Thursday, August 21, 2008

Say hello to my little friend

Does this look like a drug mule to you? 


We casually mentioned to our server at the hotel one morning, that we hoped to find some good Dulce de Leche to take back to the States. The next day, she turned up at our table with a container. We tried to pay her, but she flatly refused. "I brought it from home. I have lots because I am a very fat girl," she said patting her flat-as-a-tortilla, size 0, Argentinean belly. 

We gushed with thanks, wrapped it in plastic, and stuck into a corner of our luggage for smuggling past U.S. customs. 

A day later when we were standing in the Buenos Aires airport, we noticed a line forming at a station where travelers were paying to have their luggage shrink-wrapped. We had already checked our bags -- shrink-wrap-free. 

"Oh that's just so people can't get into your bags to steal, say, an iPod," said the Continental attendant. 

"Or put anything IN your bags...like drugs," Jamie whispered to me as we walked away. But then his face went pale. "Maybe we should have done that."

(I wasn't buying it...He pressed on.)

"Didn't you see the documentary about that chick who's spending the rest of her life in an Indonesian prison because somebody put drugs in her bag?"

(OK...I got onboard.)

"Oh shit," I said. "The Dulce de Leche. She wouldn't let us pay. What if there are drugs in there." 

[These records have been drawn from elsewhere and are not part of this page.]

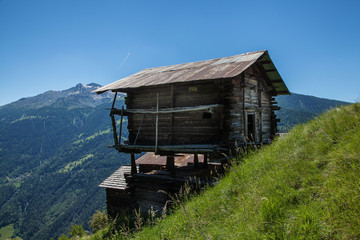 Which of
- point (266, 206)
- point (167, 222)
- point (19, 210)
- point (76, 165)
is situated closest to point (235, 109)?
point (167, 222)

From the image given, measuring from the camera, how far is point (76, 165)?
191625 mm

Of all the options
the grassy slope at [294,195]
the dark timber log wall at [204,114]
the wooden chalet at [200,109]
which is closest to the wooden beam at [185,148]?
the wooden chalet at [200,109]

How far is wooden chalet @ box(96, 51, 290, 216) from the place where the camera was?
379 inches

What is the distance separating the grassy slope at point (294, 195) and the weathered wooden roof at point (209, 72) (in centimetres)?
452

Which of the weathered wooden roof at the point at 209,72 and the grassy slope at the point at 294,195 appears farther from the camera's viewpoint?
the weathered wooden roof at the point at 209,72

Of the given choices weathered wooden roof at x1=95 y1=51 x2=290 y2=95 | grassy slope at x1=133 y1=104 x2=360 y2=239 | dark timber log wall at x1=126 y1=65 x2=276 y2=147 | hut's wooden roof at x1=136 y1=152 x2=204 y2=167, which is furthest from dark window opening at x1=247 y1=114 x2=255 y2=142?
grassy slope at x1=133 y1=104 x2=360 y2=239

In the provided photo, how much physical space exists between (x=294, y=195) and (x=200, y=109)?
20.4 ft

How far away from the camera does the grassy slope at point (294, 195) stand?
102 inches

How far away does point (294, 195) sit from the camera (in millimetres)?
3270

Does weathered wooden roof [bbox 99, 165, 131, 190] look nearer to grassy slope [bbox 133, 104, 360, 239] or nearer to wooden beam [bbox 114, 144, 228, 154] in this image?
wooden beam [bbox 114, 144, 228, 154]

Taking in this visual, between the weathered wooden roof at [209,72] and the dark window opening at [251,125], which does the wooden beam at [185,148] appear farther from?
the dark window opening at [251,125]

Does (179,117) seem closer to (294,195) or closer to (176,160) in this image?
(176,160)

We continued with this crazy-ass paranoid talk until we were both convinced that hotel employees had stashed 14 kilos of cocaine in our bags, and that we'd never see our families again. What is it about airports that can guilt you into thinking you're a drug runner or full-blown terrorist? It's sort of like waiting for the results of an employee-mandated drug test. Suddenly you're convinced that the poppy seed dressing from a salad you ate six weeks ago is gonna keep you from getting the job. 

Turns out the Dulce de Leche was clean. Or at least the German Shepherd greeting us at Bush International in Houston didn't get a whiff as we skulked past him. But sadly, that container of Dulce de Leche in the refrigerator? Never been opened.